Regulatory Position 2.3.5 of RG 1.177 states that the risk resulting from TS CT changes is often relatively insensitive to uncertainties, because uncertainties associated with CT changes tend to similarly affect the base case and the change case. Section 4.3.3, Attachment 15, and Attachment 16 of the LAR presented the uncertainty and sensitivity analyses associated with the risk evaluation for this proposed change.

Model uncertainties and related assumptions for the PVNGS PRAs were identified using guidance in NUREG-1855 (Reference 15) and EPRI TR-1016737 (Reference 16). In 5 of the LAR the licensee demonstrated that no additional sensitivity analyses were required to address these model uncertainties and related assumptions. To address potential uncertainties associated with the risk estimates for the proposed change, the licensee discussed numerous conservatisms of the PRA models, including:

  • Firewater cross-connect to auxiliary feedwater was not credited in the Unit 3 IEPRA and IFPRA. This modification was only credited in the Unit 3 FPRA.
  • Temporary equipment such as the three portable DGs and FLEX SG makeup pump were not credited in the PRAs. The DGs were only credited in the sensitivity analyses in 6 of the LAR.
  • Simplified relay fragility analyses were performed that resulted in higher failure probabilities than if detailed fragility analyses had been performed. This over-estimates the failure probability of an emergency diesel generator during seismic events.
  • Hot shorts were conservatively assumed to occur with enough electrical contact to impose full voltage on the "target conductor."
  • The main control room ventilation system was assumed unavailable or isolated during a fire event. This assumption was conservative since the use of the smoke purge system would remove heat and smoke from the room, improving habitability.
  • It was assumed that containment isolation fails during all fire scenarios that necessitate main control room abandonment.

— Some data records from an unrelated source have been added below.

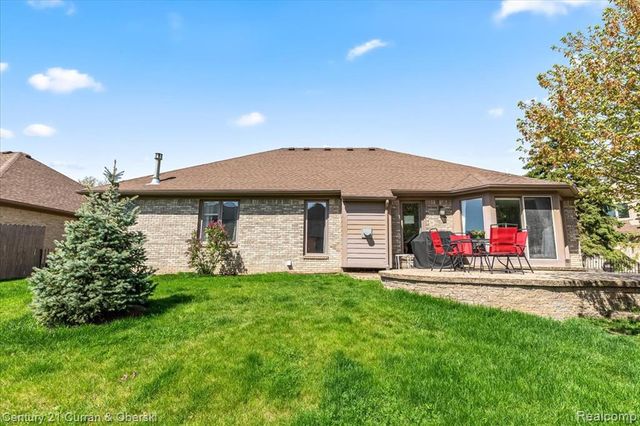 54806 Ashley Lauren Drive, Macomb, MI 48042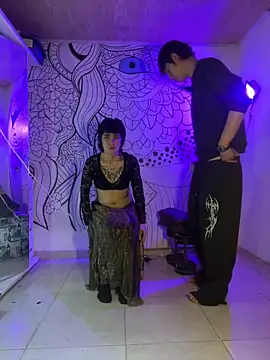 חדר צ'אט בשידור חי של Morgana_X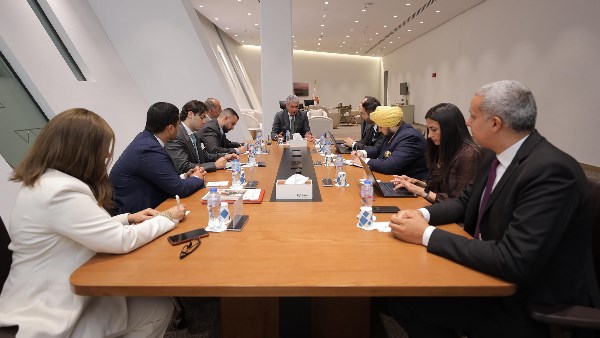 جانب من الاجتماع جانب من الاجتماع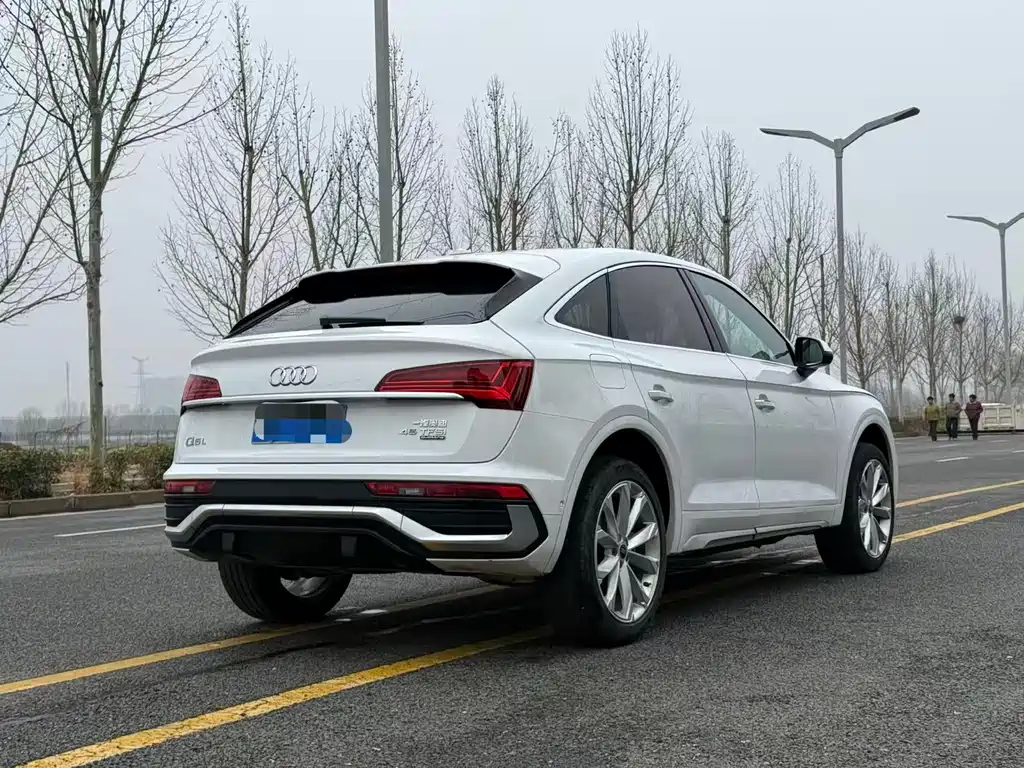 AUDI Q5L SPORTBACK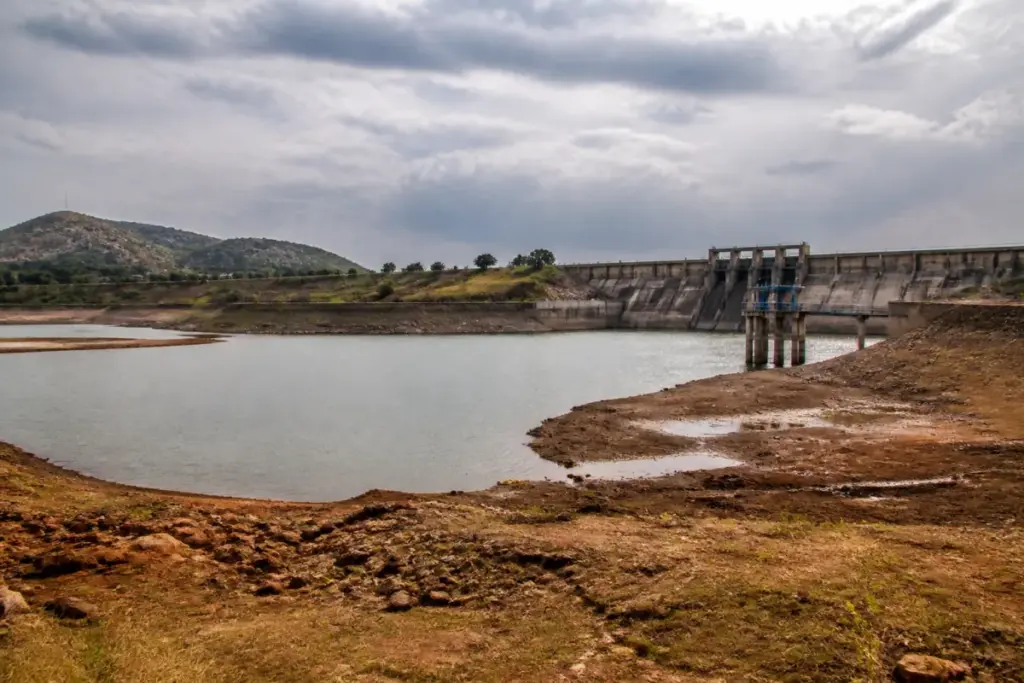 Karnataka dam water levels showing a reservoir with visibly reduced storage after weak monsoon rainfall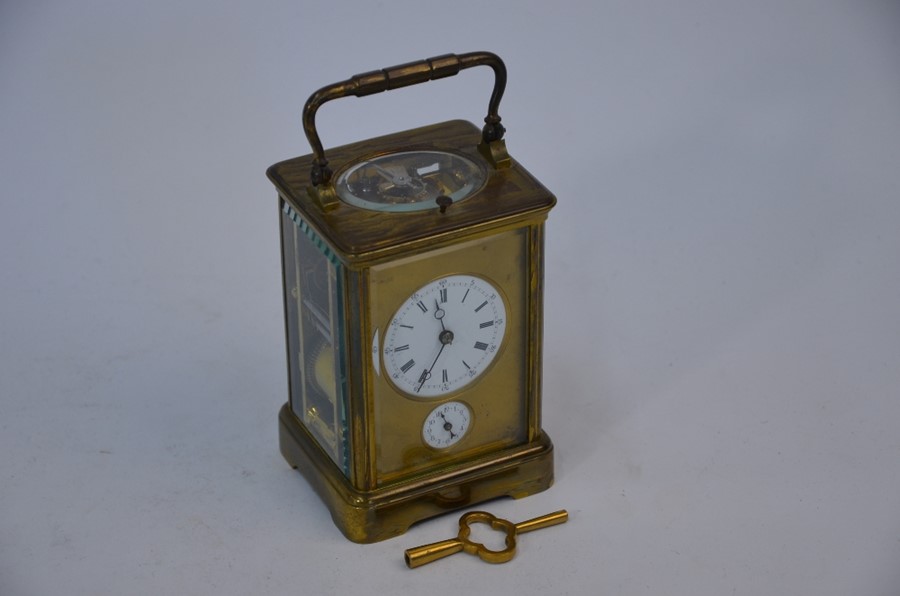 A 19th century French brass carriage clock - Image 7 of 12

In response to NRC technical concerns, the licensee provided in Attachment 16 of the LAR the following sensitivity analyses associated with the proposed change:

  • The licensee performed a sensitivity analysis of the proposed change that credited the portable DGs using the zero test and maintenance model. The portable DGs were conservatively credited in the FPRA and not credited in the IEPRA, IFPRA, and SPRA. Failure data used for the portable DGs was dominated by human error probability (0.322) to start the DGs. The only fire scenarios credited for portable DGs were those that allowed sufficient time to restore power to the Class 1E bus in order to recover safety functions and mitigate the event. The licensee stated that:

- Operators have been trained on the procedures for loss of offsite power that specify use of alternate power sources, including the portable DGs. - Training, briefings, and walkdowns have been provided to the operators responsible for operating the portable DGs.

- Designated operators were made familiar with instructions for starting and operating the portable DGs.

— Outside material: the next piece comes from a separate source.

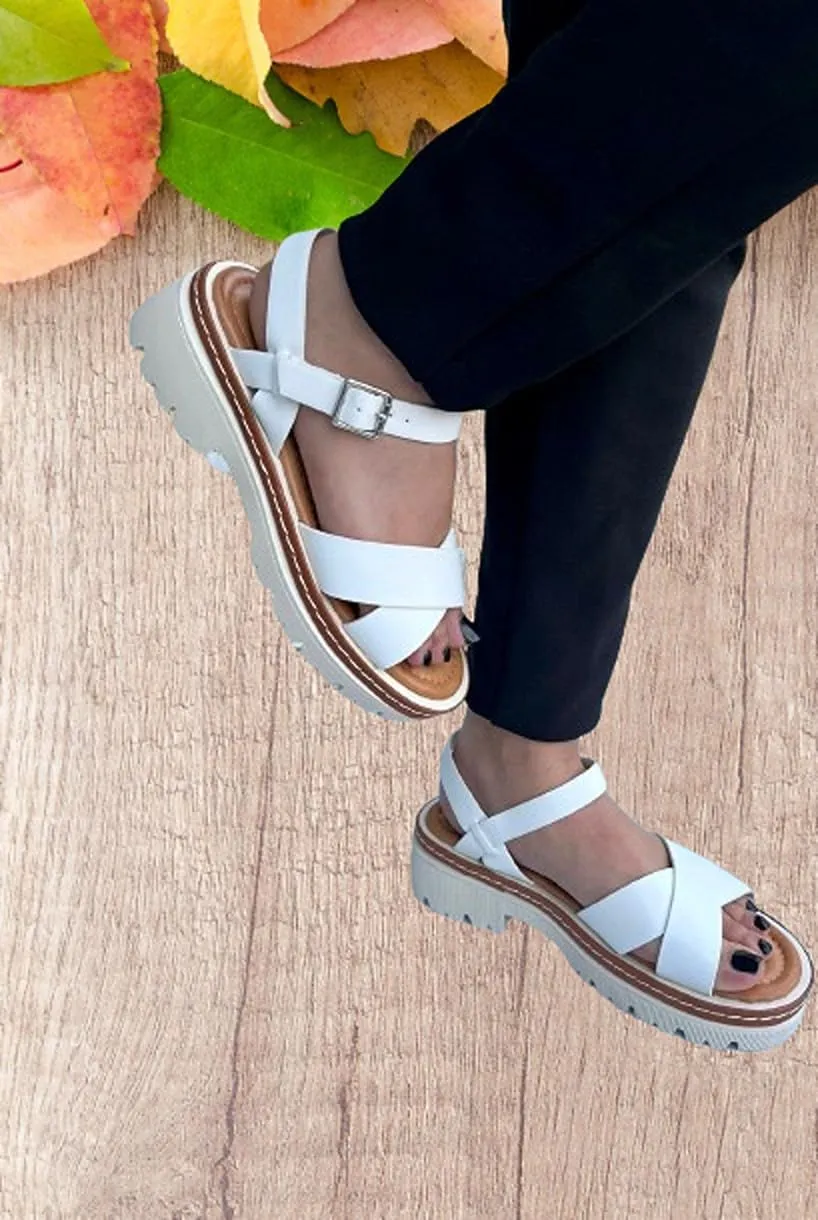 Forever Link Women's Chunky Heel Platform Sandals Lug Sole Open Toe with Buckle Ankle Strap, Black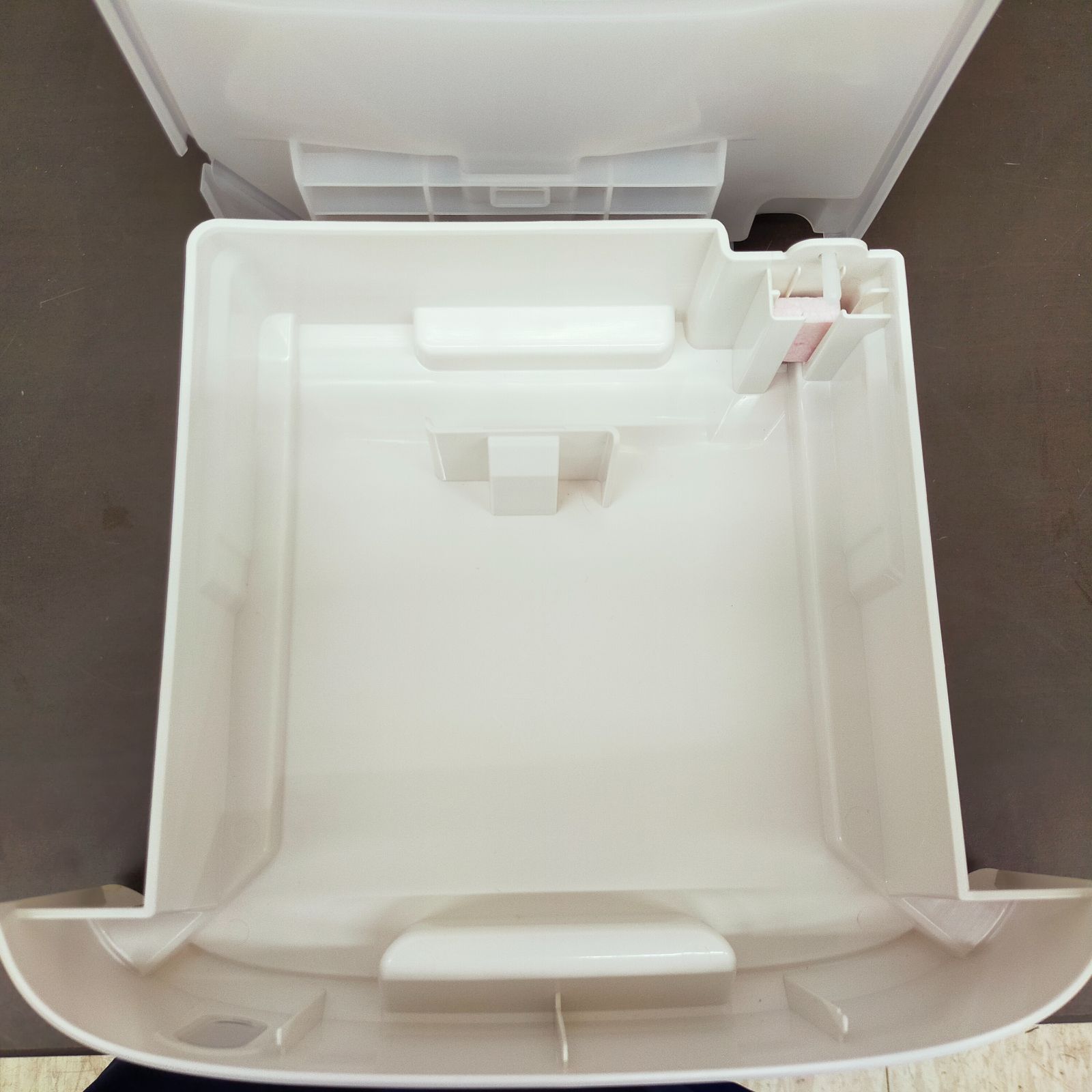 ぴ*7様 2024年製 SHARP 衣類乾燥除湿器 CV-P60 シャープ CV-P60 価格比較 - 価格.com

  • It should be noted that use of the FLEX SG makeup pump was not credited in this sensitivity analysis. The sensitivity analysis indicated that ICCDP and ICLERP met the RG 1.177 risk acceptance guidelines by a factor of 3.7 and 8.3, respectively.
  • The licensee performed a sensitivity analysis of the proposed change that credited the portable DGs using the average test and maintenance model. The portable DGs were modeled in the same manner as the first sensitivity analysis and use of the FLEX SG makeup pump was not credited. This sens itivity analysis indicated that ICCDP and ICLERP met the RG 1.177 risk acceptance guidelines by a factor of 1.5 and 5, respectively.
  • The licensee performed a sensitivity analysis of the proposed change that credited the portable DGs using the zero test and maintenance model, and the common cause failure rate for 3A EDG was set to the alpha factor value (this represents common mode failure of the 3B EDG). The portable DGs were modeled the same as described in the first sensitivity analysis, and use of the FLEX SG makeup pump was not credited. The sensitivity analysis indicated that ICCDP and ICLERP met the RG 1.177 risk acceptance guidelines by a factor of 3.4 and 7.7, respectively.

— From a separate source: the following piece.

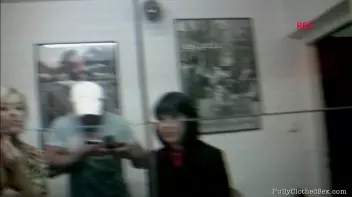 Threesome's Wild Sea Cruise Screencap 8 on sinx.preview.netperv.com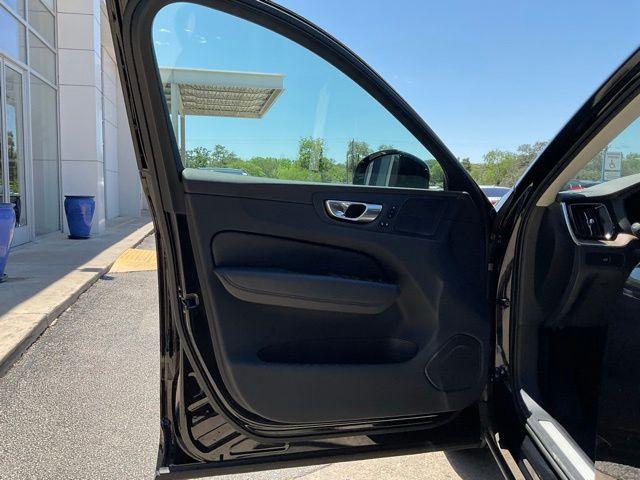 2023 Volvo XC60 B5 PLUS DARK THEME 照片 9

Based on the margin by which the sensitivity analyses met the RG 1.177 risk acceptance guidelines and the multiple compensatory measures that the licensee committed to implement (or has already implemented), the NRC staff concludes that PRA model uncertainties are not sufficient to change the conclusions of the LAR. The LAR described how the PRA models were sufficiently complete and no new initiating events or failure modes were introduced by the proposed change and, therefore, the PRA models were able to adequately predict the change in CDF and LERF for the one-time CT extension. Based on the discussion above, the NRC staff finds that the licensee's assessment of sensitivity and uncertainty meets the guidance in RG 1.177.

3.3.4.2 Tier 2: Avoidance of Risk-Significant Plant Configurations Under the Tier 2 acceptance guideline in RG 1.177, the licensee should provide reasonable assurance that risk-significant plant equipment outage configurations would not occur when specific plant equipment is taken out of service in accordance with the proposed TS change.

Based on configuration-specific risk insights provided by the PVNGS IEPRA, IFPRA, FPRA, and SPRA, and as part of the PVNGS Configuration Risk Management Program, the licensee identified risk-significant combinations of equipment that if out-of-service during the 3B EDG

outage would significantly increase risk. Next, the licensee identified further compensatory actions and restrictions to avoid these high risk equipment outage combinations. Attachment 3 of the LAR discussed in detail these compensatory measures and commitments that would be implemented during the 3B EDG outage to ensure the risk impacts are acceptably low.

The NRC staff finds that the licensee provided an acceptable (i.e., consistent with RG 1.177) Tier 2 analysis of potential risk-significant configurations that could occur during the 3B EDG outage and used these risk insights to identify compensatory measures to preclude their occurrence. The staff notes that the licensee performed this Tier 2 analysis using PRA models of the appropriate scope, level of detail, and technical adequacy as discussed under the "PRA Quality" section of this SE. The staff also notes that the licensee's Tier 2 analysis used the base PRA, which conservatively does not credit FLEX equipment. The licensee used an approach consistent with RG 1.177, which provides reasonable assurance that risk-significant plant equipment outage configurations will not occur during the 3B EDG outage.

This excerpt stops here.